Informal writing includes the following:
- Can use first person, second or third: You can use any type of pronouns, including “I”
- Can use slang: The use of everyday language and slang terms can be used, such as “It was cool that…”
- Active voice: Sentences tend to be written with a subject acting on the verb, such as “We chilled the drinks and went out to the sea” instead of “The drinks were chilled…”
- Personal emotional tone can be detected: Since the writing is personal, it can include feelings and the sharing of emotions
- Contraction and abbreviation: It’s okay to use “can’t” instead of “cannot” or “it’s” instead of “it is”
- Empathy: You can put yourself in the shoes of your audience and address their problems directly. This shows the author as coming from a place of understanding their situation.
Formal vs Informal Writing Comparison Guide
There are a few more things to take into account when starting out on any writing endeavor. These include the following 3 questions:
- “Who is my audience?” – This is the first question you should ask when writing anything. You want to write to your audience, so you have to define them.
- “How formal is the project I’m working on?” – This goes hand-in-hand with the audience and the project goals. However, knowing the level of formality will help you write accordingly.
- “What medium should I use?” – For both informal and formal writing, you can produce the piece digitally or by hand. If it is for academic purposes and on the job, you’ll want to type your work. But, if you choose to write a formal letter by hand (such as a thank-you letter after a job interview), then it is advised to write on thicker card stock paper to look more professional. Remember, presentation is everything when it comes to formal work!
Here’s an Example!
Along with this list of references, here is a (meta) example on how this article would be written both formally and informally:
- Formal: When writing academically or professionally, it is important to show respect to your audience by electing to write in a formal style, rather than informally. This means that sentences are longer than usual and tend to feel complex. Writing complex sentences with hyperfluent vocabulary shows your audience that you are well-informed on the subject matter. Furthermore, this writing style depicts unbiased information eluding emotions and first-person pronouns from the content.

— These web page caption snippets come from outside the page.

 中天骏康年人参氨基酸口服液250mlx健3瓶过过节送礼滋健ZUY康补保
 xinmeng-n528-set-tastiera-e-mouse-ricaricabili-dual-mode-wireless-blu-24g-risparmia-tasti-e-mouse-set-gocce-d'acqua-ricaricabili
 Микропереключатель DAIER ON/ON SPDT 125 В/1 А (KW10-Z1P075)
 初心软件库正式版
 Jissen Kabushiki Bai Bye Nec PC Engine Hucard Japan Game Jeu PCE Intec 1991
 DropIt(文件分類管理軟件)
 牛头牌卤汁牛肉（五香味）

- Informal: Formal writing feels harder than informal writing. I think it’s because I can’t use contractions or short sentences. The only reason I’d write informally is if I had to, like if it was professional or academic. But when I write like this about formal writing, it’s easier. My vocabulary doesn’t matter as much. As you can see, I still care about grammar. Writing like this feels like I am talking to a friend.

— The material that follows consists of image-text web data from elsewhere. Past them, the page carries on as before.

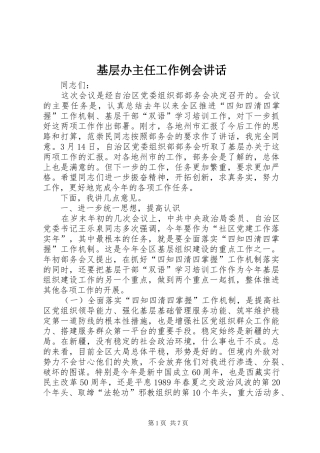 2024年基层办主任工作例会致辞
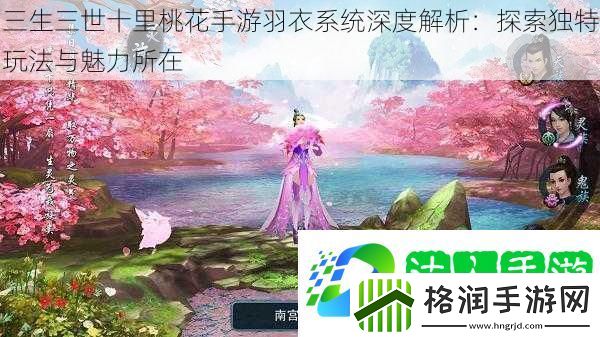 三生三世十里桃花手游羽衣系统深度解析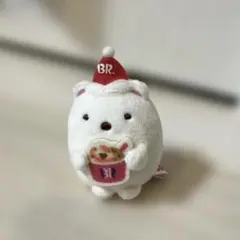 すみっコぐらし × サーティワン 31 しろくま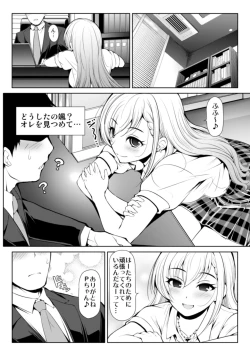 Page 13 of CINDERELLA Shinaido 999 Gentei Commu Sunazuka Akira & Hisakawa Hayate & Shibuya Rin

Photo by Glenn Carstens-Peters on Unsplash
Tying It All Together
There are many differences between formal vs. informal writing. That being said, they both serve their respective purposes. That’s why it’s important to understand both styles, as well as when to use them.
When writing professionally or academically, opt for formal writing. Remember to leave out contractions and remain unbiased.
On the other hand, informal writing comes from within. It’s aimed towards a personal audience, so you can write as if you are speaking to them. That way, you can use contractions, shorter sentences, colloquialism, and the like.
Regardless of why you are writing, always be sure to reread your work to check for typos and mistakes. The most important thing for writing is having something to say, but it’s also making sure that what you say can be understood!